While McCauley believes banks themselves were victims of regulatory pressure, Mike Ring, CEO of Old Glory Bank, which launched in response to the problem, accused major banks, including JPMorgan Chase, Bank of America and Citibank, of arbitrarily “picking winners and losers” within the financial system.
The issue first gained widespread prominence in February 2023, when Nic Carter, general partner at Castle Island Ventures, published a report alleging a coordinated effort by federal agencies to marginalize the crypto sector. More recently, venture capitalist Marc Andreessen shared on The Joe Rogan Experience podcast in November that around 30 founders in his firm’s portfolio had been denied banking services. The revelation fueled further outrage in the crypto industry, where leaders saw the debanking trend as part of a broader campaign to stifle the sector’s growth. Similar accounts from the likes of Jesse Powell, cofounder and chairman of crypto exchange Kraken, and Tyler Winklevoss, billionaire cofounder of rival Gemini, followed.
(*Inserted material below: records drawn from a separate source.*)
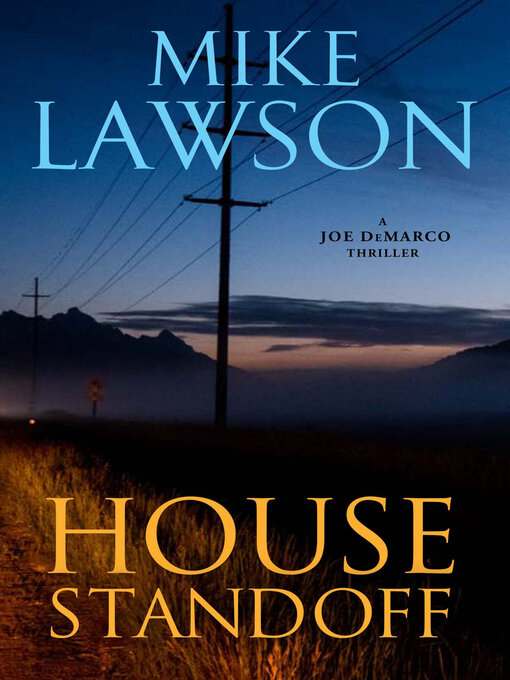 Title details for House Standoff by Mike Lawson - Wait list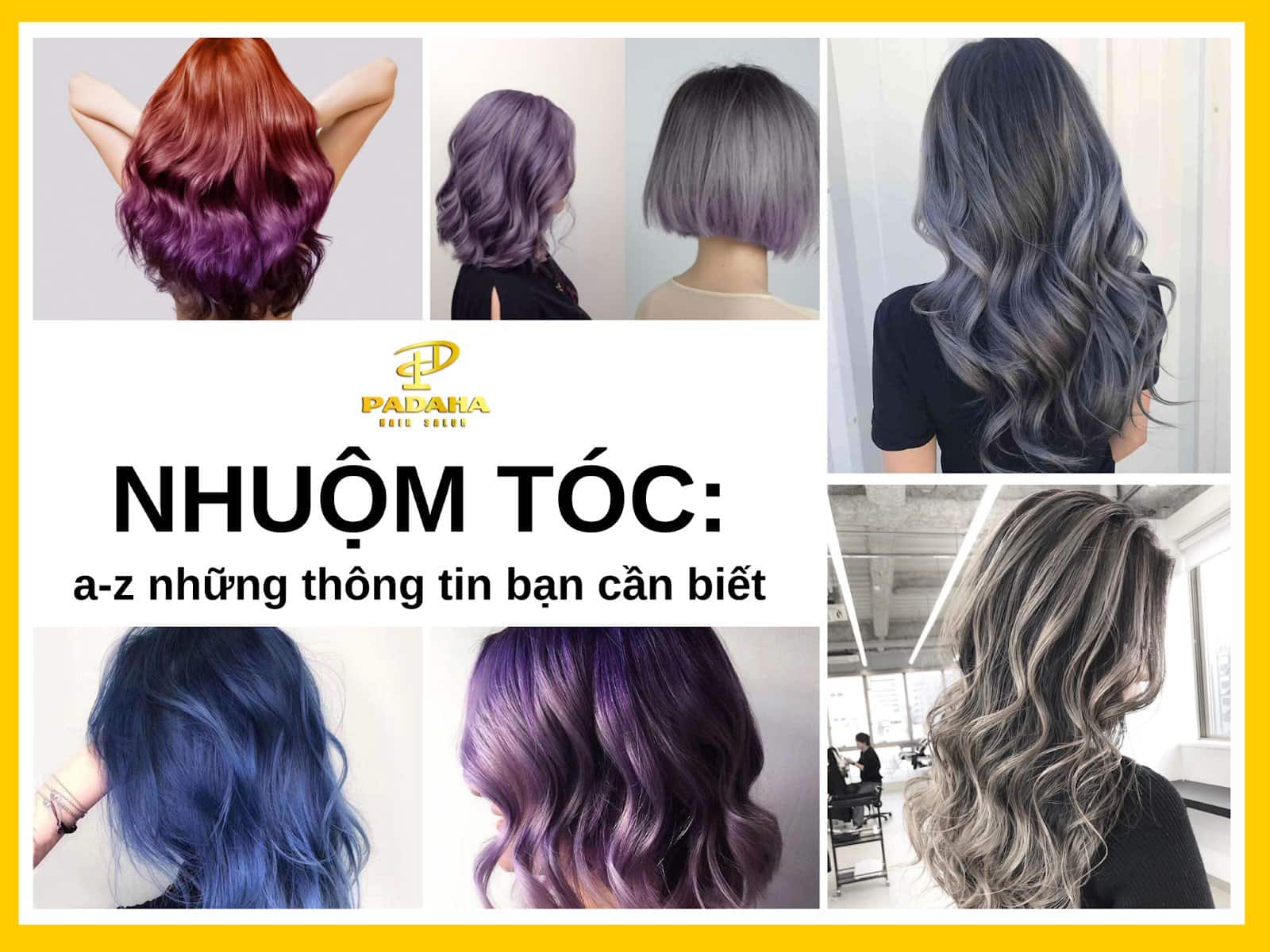 Nhuộm Tóc: A-Z Những Thông Tin Bạn Cần Biết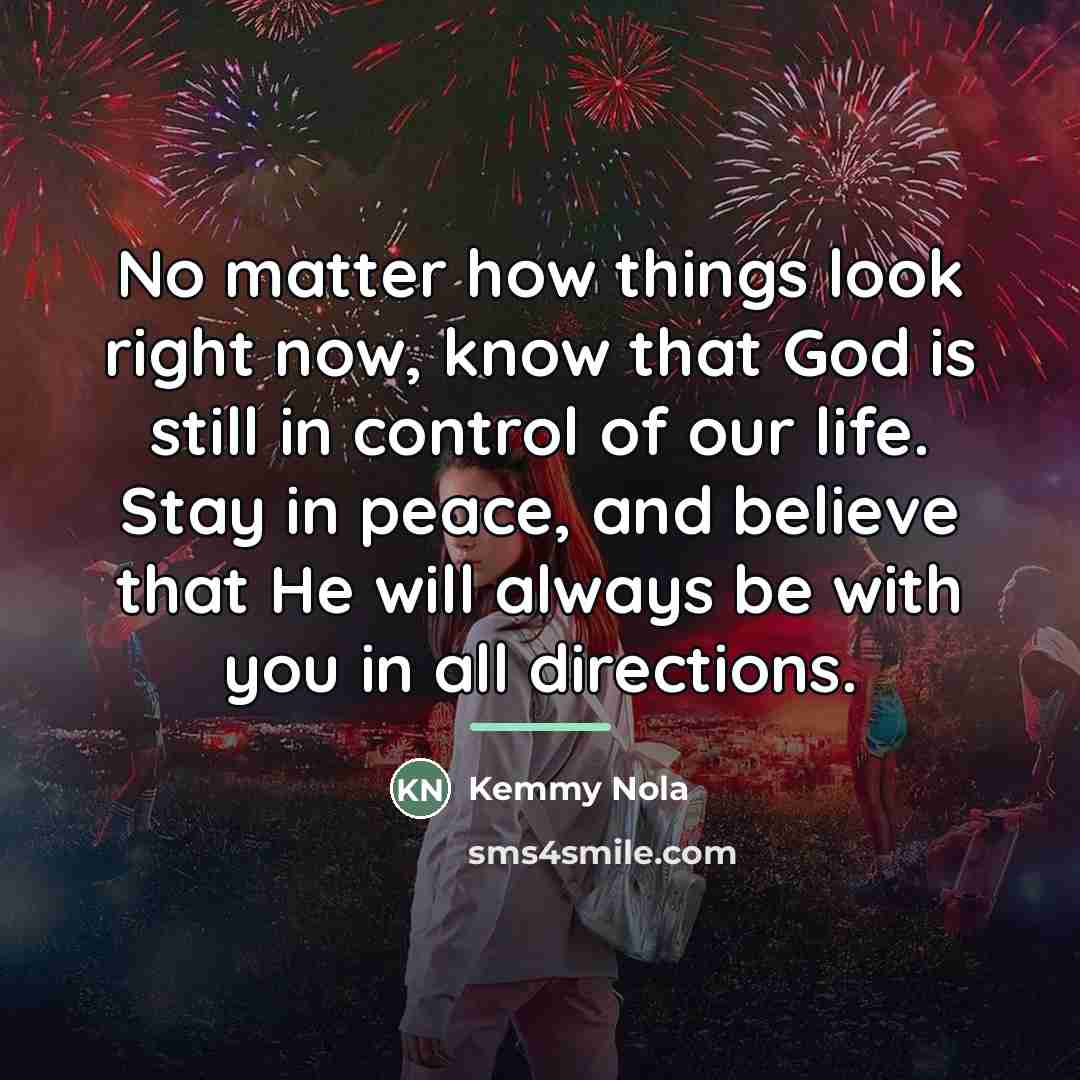 “No matter how things look right now, know that God…” quote by Kemmy Nola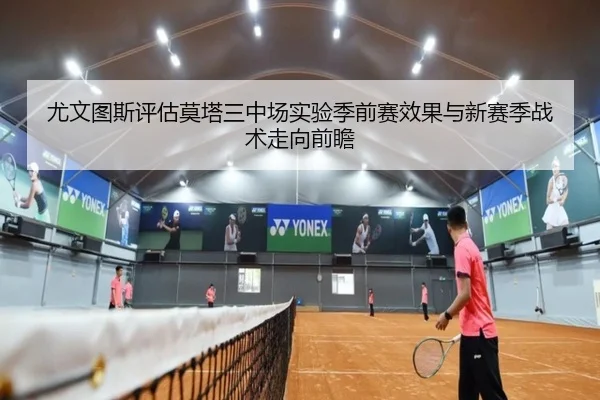 尤文图斯评估莫塔三中场实验季前赛效果与新赛季战术走向前瞻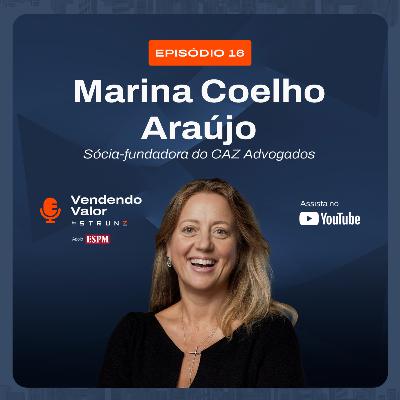 #16: Marina Coelho Araújo, sócia-fundadora do CAZ Advogados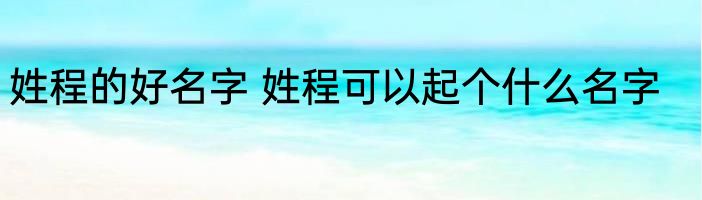 姓程的好名字 姓程可以起个什么名字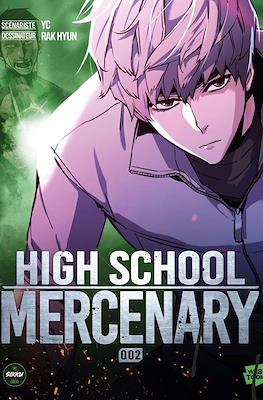High School Mercenary #2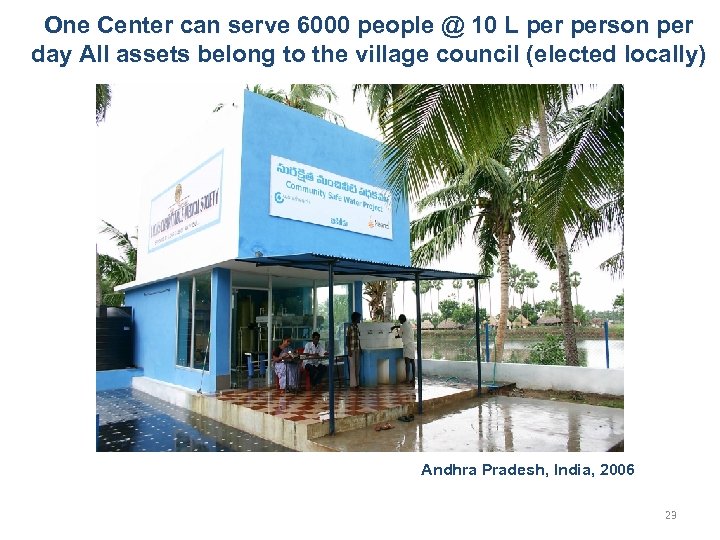 One Center can serve 6000 people @ 10 L person per day All assets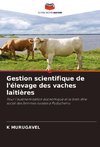 Gestion scientifique de l'élevage des vaches laitières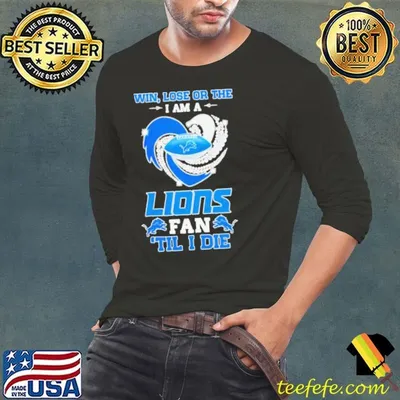Detroit Lions win lose or the I am a Lions fan til I die shirt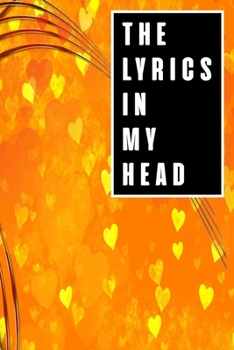 Paperback The Lyrics In My Head: Lyrics Notebook - College Rule Lined Writing and Notes Journal (Songwriters Journal Vol12) Book Notebook Journal 120 P Book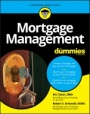 Mortgage Management For Dummies - ISBN 9781119387794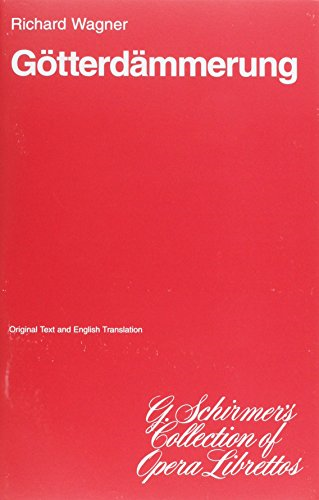 Gotterdammerung: Libretto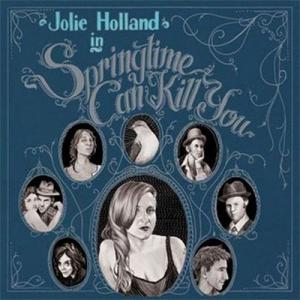 jolie holland: springtime can kill you
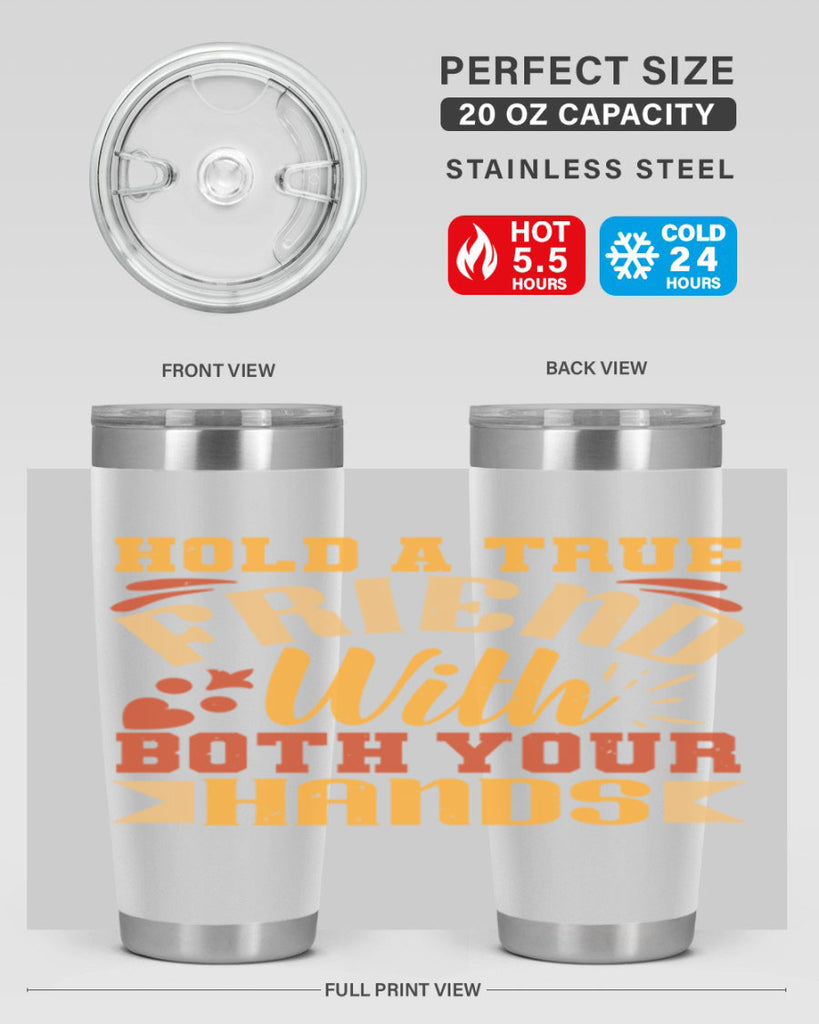 Hold a true friend with both your hands Style 100#- Best Friend- Tumbler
There’s no doubt that events such as the implosion and fraud associated with Sam Bankman-Fried’s crypto exchange FTX in late 2022 and the run on Silicon Valley Bank, which held over $3 billion of Circle’s stablecoin reserves, plus the subsequent shutdown of crypto-friendly Signature Bank in March 2023, were important factors in the regulators’ restrictive approach.
Banks were compelled to weigh the real risks associated with crypto and the so-called reputational risks. Trust, after all, is the cornerstone of banking. However, crypto advocates argue that these “reputational risks” were the key cause of sector-wide debanking because the term is subjective and broadly defined.
It “really has no definition,” said Stephen Gannon, a partner at Davis Wright Tremaine, during his testimony. “It’s something that’s malleable. It can be reinterpreted. It’s at the discretion of the regulators. So what is reputational risk today might be something different tomorrow.”
Senator Cynthia Lummis (R., Wyo.) also presented an excerpt from the Federal Reserve’s Internal Implementation Handbook as “explicit and undeniable proof of Operation Choke Point 2.0.” The excerpt instructs the staff responsible for reviewing applications for account access to evaluate “the conduct of the institution and its leadership” and consider whether any association with the institution might pose “undue reputational risk” to the Reserve Bank. It also raises the question: “Is the institution’s leadership associated with controversial commentary or activities?”
Ahead of the hearing, the FDIC released 175 internal documents detailing its oversight of banks that engaged in, or sought to engage in, crypto-related activities. Previously, the agency released 25 “pause letters” sent to institutions seeking to expand crypto services—an approach that Paul Grewal, Coinbase’s chief legal officer, described as “regulation by exhaustion.” The documents also suggest that some banks were pressured to refuse U.S. dollar deposits from crypto companies, according to Caitlin Long, founder and CEO of Custodia Bank. The timing of the release aligns with the recent appointment of Treasury Secretary Scott Bessent to the FDIC board, though his involvement in the disclosure remains unclear.
The probe continues Thursday as the House Subcommittee on Oversight and Investigations holds a hearing titled “Operation Choke Point 2.0: The Biden Administration’s Efforts to Put Crypto in the Crosshairs.” Scheduled witnesses include Coinbase’s Grewal; Austin Campbell, CEO of digital payment company WSPN USA and an adjunct professor at NYU Stern School of Business; Fred Thiel, CEO of MARA; and Shayna Olesiuk, director of banking policy at Better Markets.